Absolute value of functions in Sobolev space

Solution 1:

A characterization of $W^{1,p}(U)$ is that $u\in W^{1,p}(U)$ if and only if $u$ is absolutely continuous in almost every horizontal and almost every vertical line, and the partial derivatives are in $L^p(U)$.

We assume that $u\in W^{1,p}(U)$. Note that $\left|\frac{|u(x+he_i)|-|u(x)|}{h}\right| \leq \frac{|u(x+he_i)-u(x)|}{|h|}$ so if the partial derivatives of $|u|$ exist, they will also lie in $L^p(U)$.

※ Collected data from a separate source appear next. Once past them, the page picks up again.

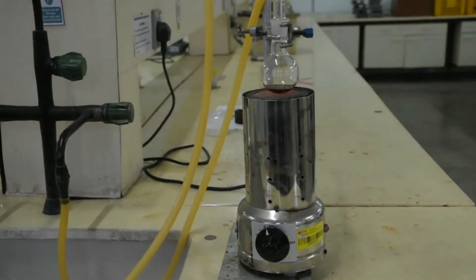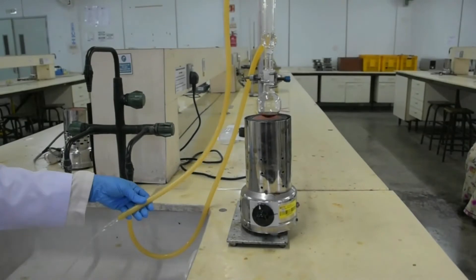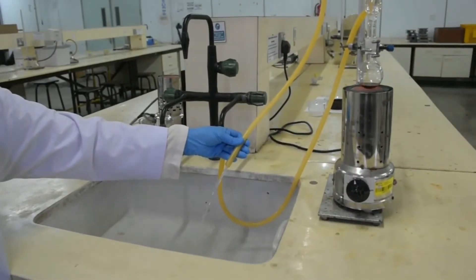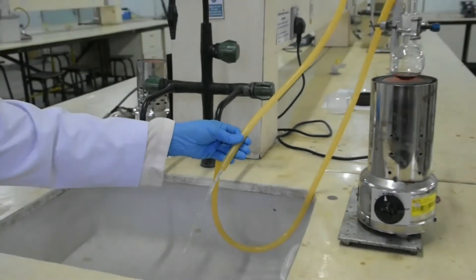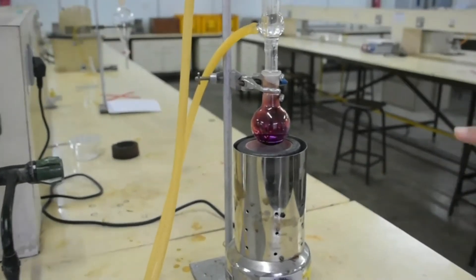Connect the hose and check the water flow. Reflux the mixture for 10 minutes.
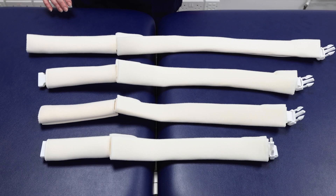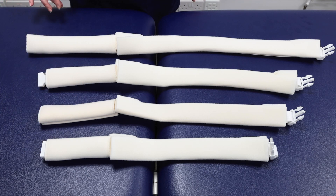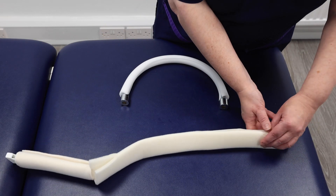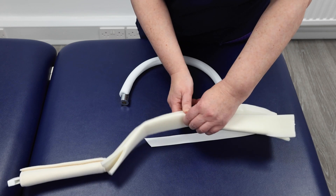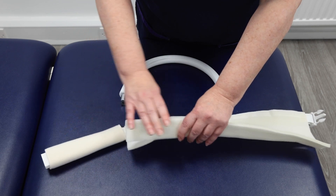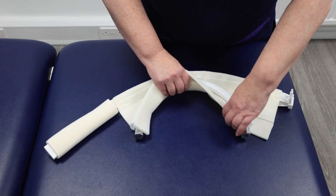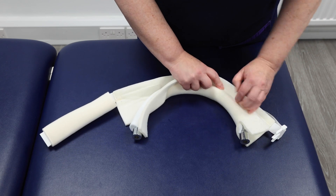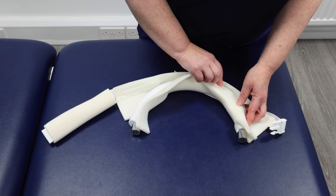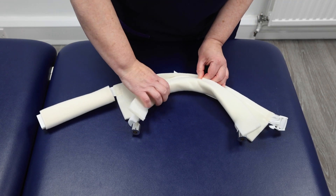Thigh hoop cover application. Choose the correct thigh hoop cover, available in large, medium, small and extra small — here we are using a large. Undo the hook-and-loop fastener and leave the smaller bar untouched. Smoothly cover the top of the ring to protect the patient's skin, ensuring no wrinkles or bumps. Adjust as necessary to ensure full coverage.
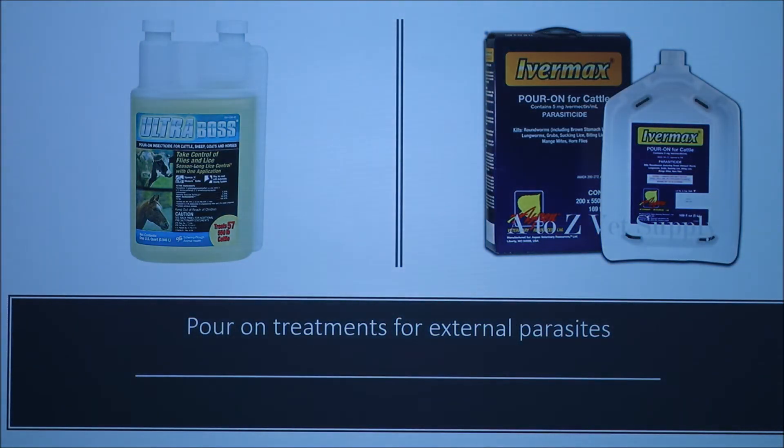For external parasites, the way you treat those is with a topical medication — either one of the products shown or whatever else your veterinarian recommends. These are more cattle-labeled products, so you will need to have a good relationship with your veterinarian in order to use them under extra-label guidelines.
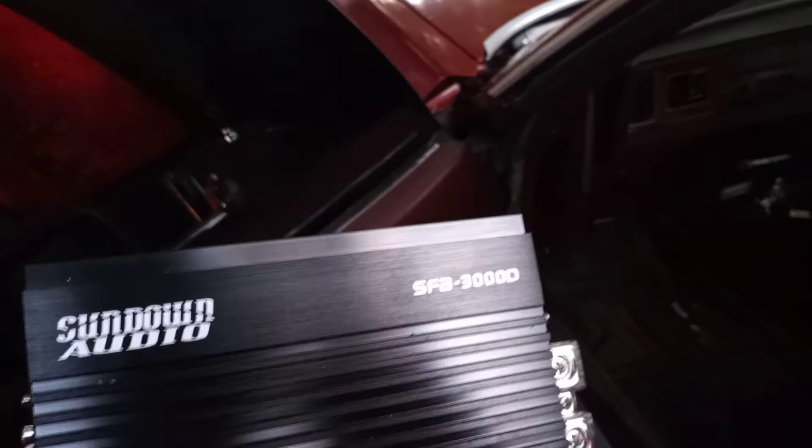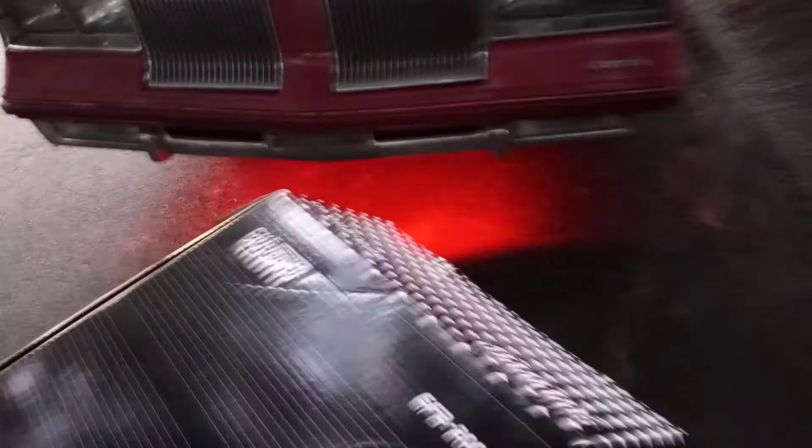This amp is an FSB 3000. Over here in the black Jeep I have the other amp, which is a 200.4 — brand new.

Furthermore, note that for almost every horizontal or vertical line $\gamma$ and for all points $x,y\in \gamma$ we have $$||u(x)|- |u(y)|| \leq |u(x)-u(y)| = \left| \int_{\gamma|_{[x,y]}} \nabla u ds \right| \leq \int_{\gamma |_{[x,y]}} |\nabla u| ds$$ where $\gamma|_{[x,y]}$ is the subsegment of $\gamma$ from $x$ to $y$. The above inequality shows that $|u|$ is absolutely continuous in almost every horizontal and almost every vertical line, and in particular the partial derivatives exist, as desired.

Solution 2:

You don't need $a_n'$ to converge uniformly to the sign function; it's enough to have them uniformly bounded and converging pointwise. (If your chosen $a_n$ functions don't do this, then pick other ones that do.) Then you can use the dominated convergence theorem to show that $a_n'(u) u_{x_i} \to \operatorname{sgn}(u) u_{x_i}$ in $L^p$.